The Uncomfortable Truth about SAN/NAS
We just finished up our Storage Field Day presentation last week and one thing that was clear - there are a lot of folks in the analyst community that continue to be invested in the success of SAN/NAS.
On the one hand we understand.
There are far more companies in the SAN/NAS universe than there are in the object storage space. When you think about object storage there is MinIO, the three public cloud providers and some appliance vendors. The appliance vendors don’t really have a path forward in the cloud operating model so it is really just the public cloud players and us.
From the perspective of some of the Storage Field Day participants, there is the perception that there is a lot going on in SAN/NAS because that is who they spend the majority of their time with.
We obviously live in a different world. All we do is object storage and we mostly deal with enterprises who have already educated themselves on the technology and on MinIO.
We see a different class of problem based on who we interact with. MinIO is 100% inbound. We don’t have commissioned salespeople. Our discussions on the commercial side are with enterprises who manage many PBs of data and, due to the inbound nature of our model, generally have already sold themselves on MinIO before we start talking. That is our world.

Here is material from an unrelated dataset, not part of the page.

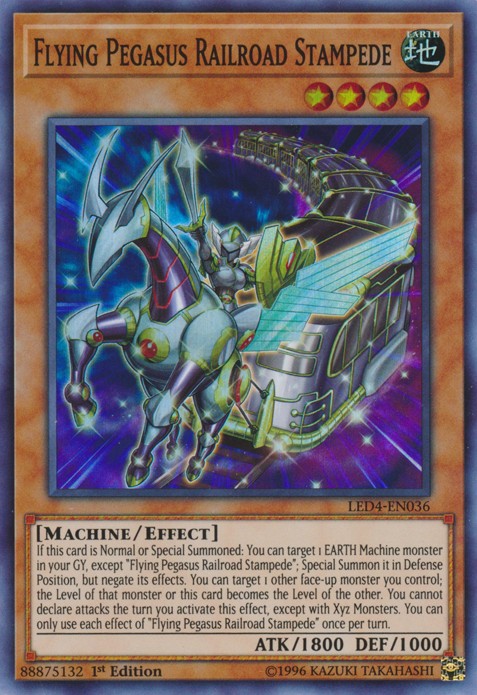 Flying Pegasus Railroad Stampede - LED4-EN036 - Super Rare - 1st Edition available at 401 Games Canada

We are not focused on small customers from a business perspective. Granted there are thousands of MinIO users at <100TB but they are not in focus for us from a commercial perspective. It is why there is a minimum of 100TB for a commercial license. The community benefits from the work we are doing at scale and with small objects but there are no features which are targeted at small workloads (unless you are aggregating data at the edge into large workloads where we are doing some interesting work).
Therein lies another disconnect.
For some of the SFD23 participants they claim phenomena that we are seeing - that of object storage eating the world, isn’t what they are seeing. Their reasoning is that most of their clients are smaller in nature - so they don’t encounter the scalability issues associated with SAN/NAS/POSIX. Some of them never will. It still doesn’t change the fact that SAN/NAS/POSIX isn’t cloud native - but let us come back to that.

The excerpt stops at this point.